## Exercise brief
Return the run of lines below that opens with the line containing "Lidl TARTALETKY S NÁPLNÍ nabídka" and closes with the line containing "Сетевое зар./устр. Hoco", keeping each one exact.

=== Section Start ===

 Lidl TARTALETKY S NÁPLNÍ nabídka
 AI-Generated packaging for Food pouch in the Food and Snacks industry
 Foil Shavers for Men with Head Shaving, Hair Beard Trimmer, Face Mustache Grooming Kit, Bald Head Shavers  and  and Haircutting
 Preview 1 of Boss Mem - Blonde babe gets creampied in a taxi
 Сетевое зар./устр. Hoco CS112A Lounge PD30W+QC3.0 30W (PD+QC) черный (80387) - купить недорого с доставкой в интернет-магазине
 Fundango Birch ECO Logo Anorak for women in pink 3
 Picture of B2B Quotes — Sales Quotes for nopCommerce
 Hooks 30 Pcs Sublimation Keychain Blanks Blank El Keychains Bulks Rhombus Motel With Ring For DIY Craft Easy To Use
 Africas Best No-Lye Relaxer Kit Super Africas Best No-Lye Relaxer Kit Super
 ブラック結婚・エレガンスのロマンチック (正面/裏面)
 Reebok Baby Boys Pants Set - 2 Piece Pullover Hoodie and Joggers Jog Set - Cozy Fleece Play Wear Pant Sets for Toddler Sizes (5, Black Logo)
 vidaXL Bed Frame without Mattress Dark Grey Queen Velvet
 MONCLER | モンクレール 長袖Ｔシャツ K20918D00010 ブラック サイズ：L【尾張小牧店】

=== Section End ===
=== Section Start ===

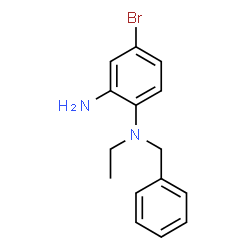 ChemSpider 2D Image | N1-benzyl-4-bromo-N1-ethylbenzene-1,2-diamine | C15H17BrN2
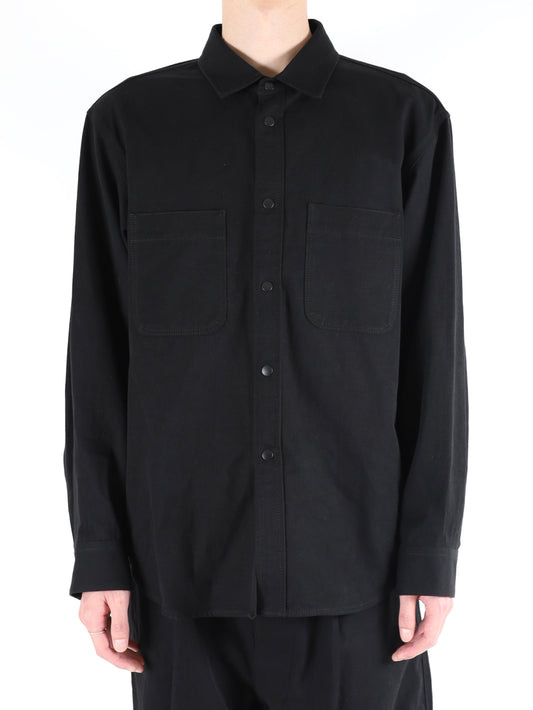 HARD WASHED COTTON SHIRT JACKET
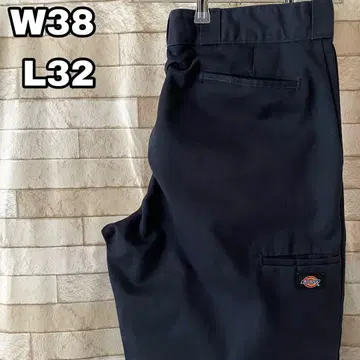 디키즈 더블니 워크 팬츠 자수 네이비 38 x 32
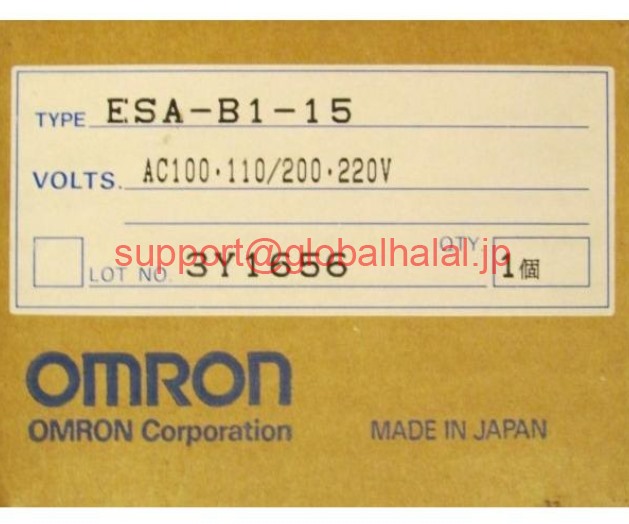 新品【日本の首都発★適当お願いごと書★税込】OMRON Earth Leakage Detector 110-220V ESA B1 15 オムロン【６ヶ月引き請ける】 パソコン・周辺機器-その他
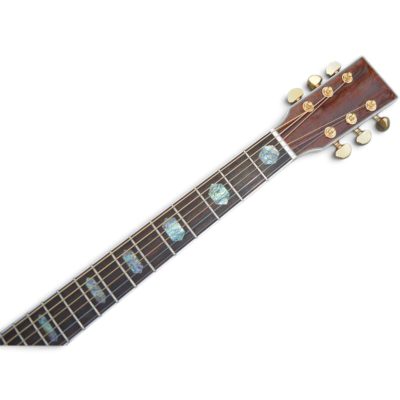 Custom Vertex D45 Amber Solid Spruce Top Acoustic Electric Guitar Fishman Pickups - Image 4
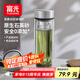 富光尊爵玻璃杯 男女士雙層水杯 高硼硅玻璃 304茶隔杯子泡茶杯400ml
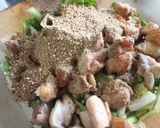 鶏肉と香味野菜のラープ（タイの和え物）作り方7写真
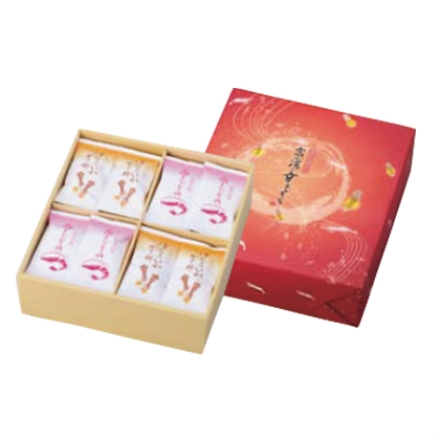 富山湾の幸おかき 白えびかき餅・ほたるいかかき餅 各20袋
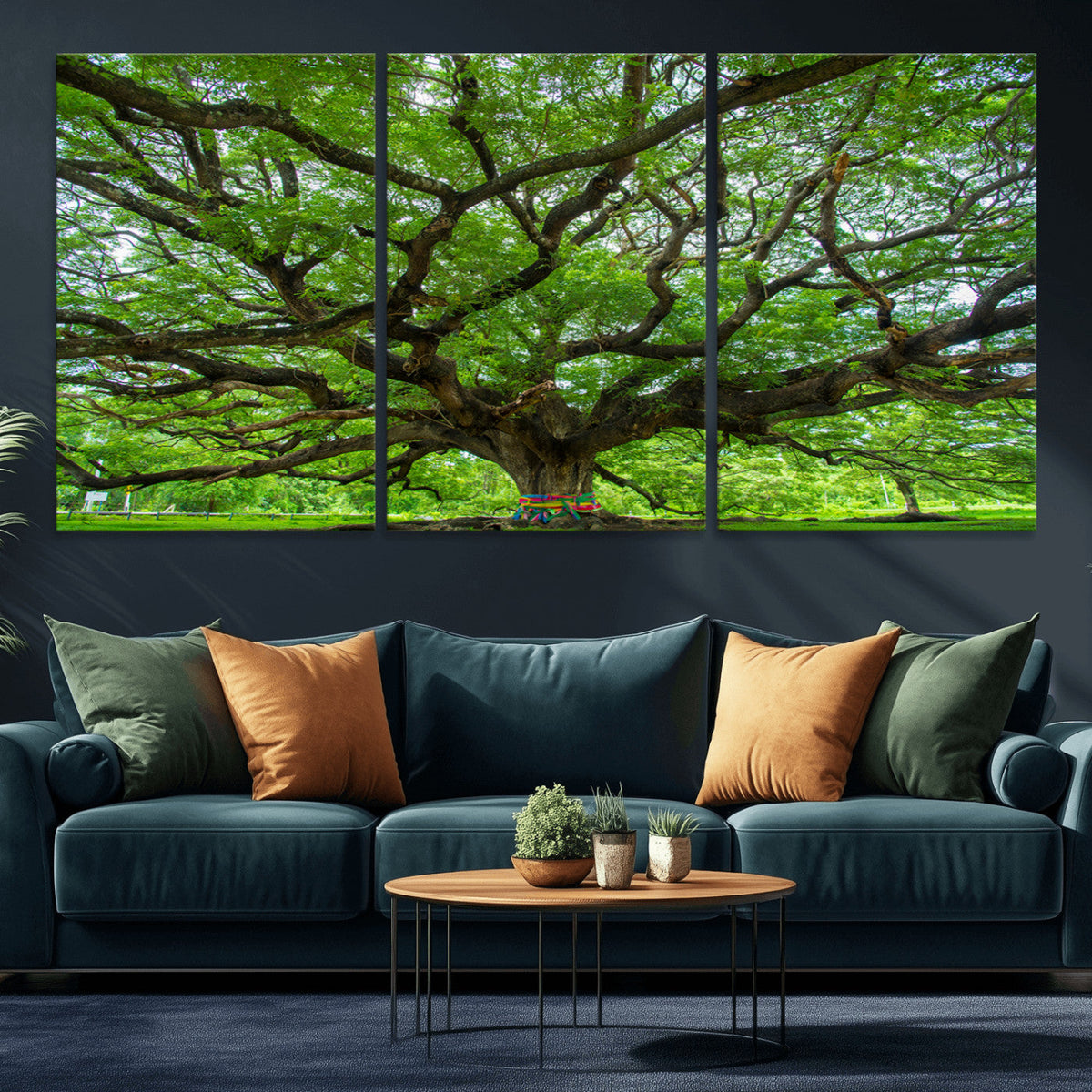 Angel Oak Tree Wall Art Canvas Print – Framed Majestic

=== Section End ===

## Output below
 Lidl TARTALETKY S NÁPLNÍ nabídka
 AI-Generated packaging for Food pouch in the Food and Snacks industry
 Foil Shavers for Men with Head Shaving, Hair Beard Trimmer, Face Mustache Grooming Kit, Bald Head Shavers  and  and Haircutting
 Preview 1 of Boss Mem - Blonde babe gets creampied in a taxi
 Сетевое зар./устр. Hoco CS112A Lounge PD30W+QC3.0 30W (PD+QC) черный (80387) - купить недорого с доставкой в интернет-магазине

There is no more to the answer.